Leaving aside the various non sequiturs in this passage, I wish to argue that what we have here is full-blown second-order modernism at its most optimistic (with its humanist educational agenda waiting in the wings).[6] Is it recidivism? I think so.


How Does/should the Typology Work?

Burbules suggests that we ought to see the typology as a map, a guide, or as a codebook.

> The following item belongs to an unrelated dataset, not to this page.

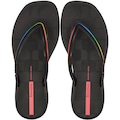 Chinelo de Dedo Feminino Ipanema Sempre Nova Glow Friso Metalizado PRETO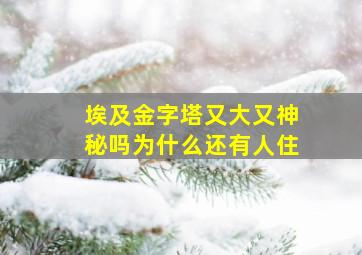 埃及金字塔又大又神秘吗为什么还有人住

I am uneasy with this proposal because of various epistemic and political associations with maps: the strong realism, the transcendent positionality of the map-maker, the privileged normative status of the particular map which is accorded objective, authoritative standing, the irrelevance accorded to individual and particular subgroup "maps," the exploitative colonial and economic history of map-making, and the role of maps as instruments of domination. Analogous remarks could be made about codebooks which presumably are designed to construct sameness. So I believe we should resist these metaphors - and that, at least, the first-order-Burbules should resist too.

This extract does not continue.